So, if you want to do business by yourself, an LLC is a great choice but it is not recommended. It is better if you have other members as well to avail all the benefits that the LLC has to offer.

What are the steps to starting an LLC?

Starting an LLC is very easy. Here are the steps to it:

  1. Choose an LLC name – Ensure that the name is not used by any other company. Also, the name has to end with the LLC designator such as “Limited Liability Company” or “Limited Company,” or an abbreviation of one of these phrases (“LLC,” “L.L.C.,” or “Ltd. Liability Co.”).
  2. File the articles or organization – IncParadise can help you with this and you just need to share your details such as the address, name, and the member’s details. Contact us to know more.
  3. Assign a Registered Agent – For you to get your company incorporated as an LLC, you will need a registered agent who is not someone from your company. IncParadise offers this service and is happy to act as your registered agent for any state in the USA.
  4. Create an LLC operating agreement – This would hold the rules of ownership and operation of the business.
  5. Obtain licenses & permits – You will also need to get any additional local, state and national license based on your business location and the type of business you are running.
  6. Retain your limited liability – Open a bank account to keep your business expenses different from the personal ones and retain your limited liability like this. Find out more on how to retain your LLC status here.
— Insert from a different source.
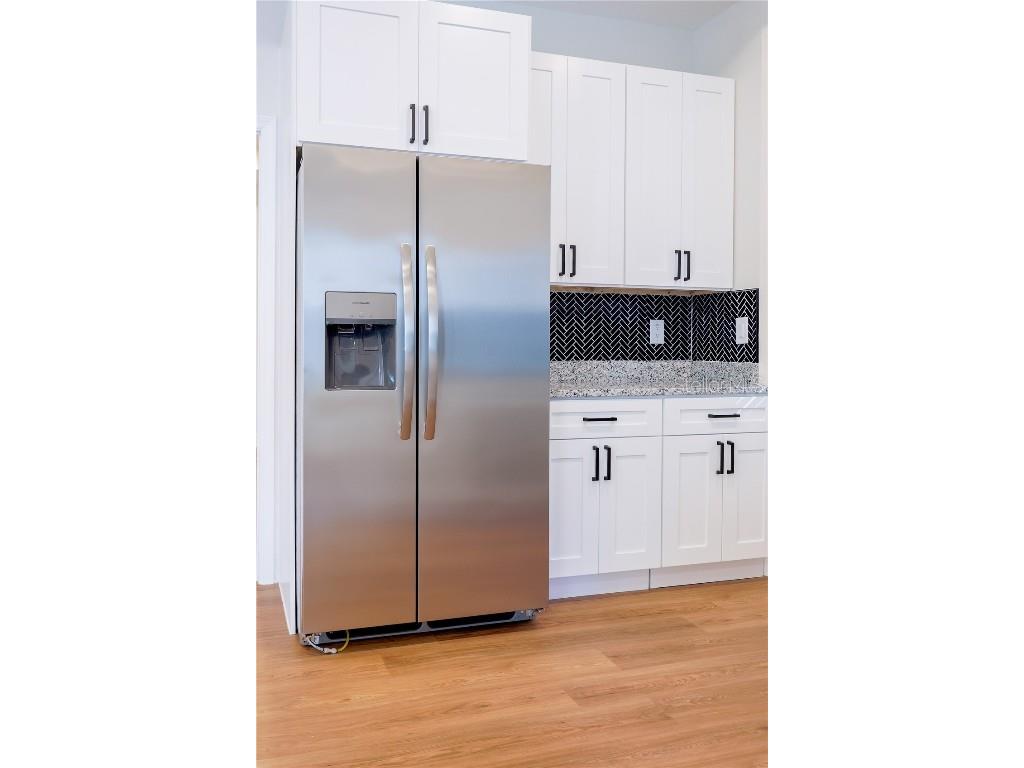 8317 N Ogontz Avenue Tampa FL 33604 TB8328657 image19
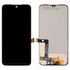 LCD Screen and Digitizer Full Assembly for T-Mobile Revvlry Plus xt1965-t(Black)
To get your LLC formed now, contact us at IncParadise. You can find most of the information required to start Nevada LLC on our website.

Can a foreigner be part of an LLC?

Yes, a US LLC can be owned entirely by foreign persons as there are no citizenship or residence requirements for ownership of an LLC. But you need to keep in mind that you will need a state street address for the state to forward the official legal and tax correspondence along with the registered agent address. Along with this, there are other requirements including that the owner needs to have a US taxpayer Identification Number (ITIN), especially if the company will be making money from offering services in the USA.

In fact, a foreigner can only open a company once they have their Taxpayer Identification Number. The process to get a TIN is not a complex one but it can be lengthy. Once the application is submitted, it can take up to 18 weeks for your ITIN to be assigned.